Advantageously, locating the heating element at the wall of the processing chamber helps to prevent any chemicals from condensing on the surfaces of the processing chamber, which in turn helps to reduce chemical wastage.

Advantageously, providing a pumping mechanism can help to control the pressure of the processing chamber so as to further optimise the thermodynamic conditions of the processing chamber for each step of the process.

In exemplary embodiments, the applicator is a nebuliser configurable for applying a chemical mist onto at least a portion of the surface of the additively manufactured investment casting model.

Advantageously, providing the applicator as a nebuliser helps the chemical to be applied onto the part without requiring the use of heat and, as such, the likelihood of damage being caused to the part (due to excessive heat) can be reduced. In exemplary embodiments, the controller is configurable for controlling the heating element such that at least one wall of the processing chamber is maintained above the condensation temperature of the chemical.

In exemplary embodiments, the controller is configurable for controlling the pumping mechanism so as to increase the pressure within the processing chamber in order to to apply the chemical onto at least a portion of the surface of the additively manufactured investment casting model.

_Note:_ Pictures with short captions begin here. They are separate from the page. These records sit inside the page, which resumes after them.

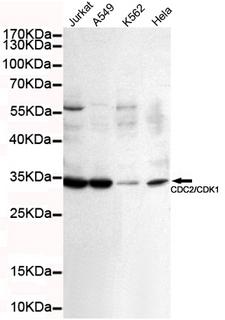 CDK1 / CDC2 Antibody - Western blot detection of CDC2/CDK1 in K562, A549, Jurkat and HeLa cell lysates using CDC2/CDK1 mouse monoclonal antibody (1:100 dilution). Predicted band size: 34KDa. Observed band size: 34KDa.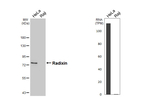 Radixin Recombinant Rabbit Monoclonal Antibody (HL5402)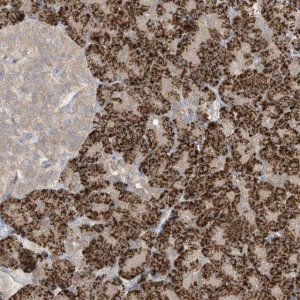 Anti-LRRN2 antibody produced in rabbit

In exemplary embodiments, the controller is configurable for controlling the pumping mechanism so as to increase the pressure within the processing chamber into the range of 200 mBar to 1000 mBar. In exemplary embodiments, the controller is configurable for controlling the heating element such that the additively manufactured investment casting model is heated to a temperature above a boiling point of the chemical applied to at least a portion of the surface of the additively manufactured investment casting model during the application step.

In exemplary embodiments, the controller is configurable for controlling the heating element so as not to exceed the glass transition temperature of the material of the additively manufactured investment casting model. In exemplary embodiments, the controller is configurable for controlling the pumping mechanism so as to reduce a pressure within the processing chamber.

In exemplary embodiments, the controller is configurable for controlling the pumping mechanism so as to reduce the pressure within the processing chamber into the range of 50 mBar to 600 mBar.

A third aspect of the disclosure provides an additive manufacturing apparatus comprising the system according to the second aspect of the disclosure. A fourth aspect of the disclosure provides a part obtainable according to the method of the first aspect of the disclosure. We consider the term “vapour” to be defined as a compound which is in a gaseous state. We consider the term “mist” to be defined as a finely dispersed liquid.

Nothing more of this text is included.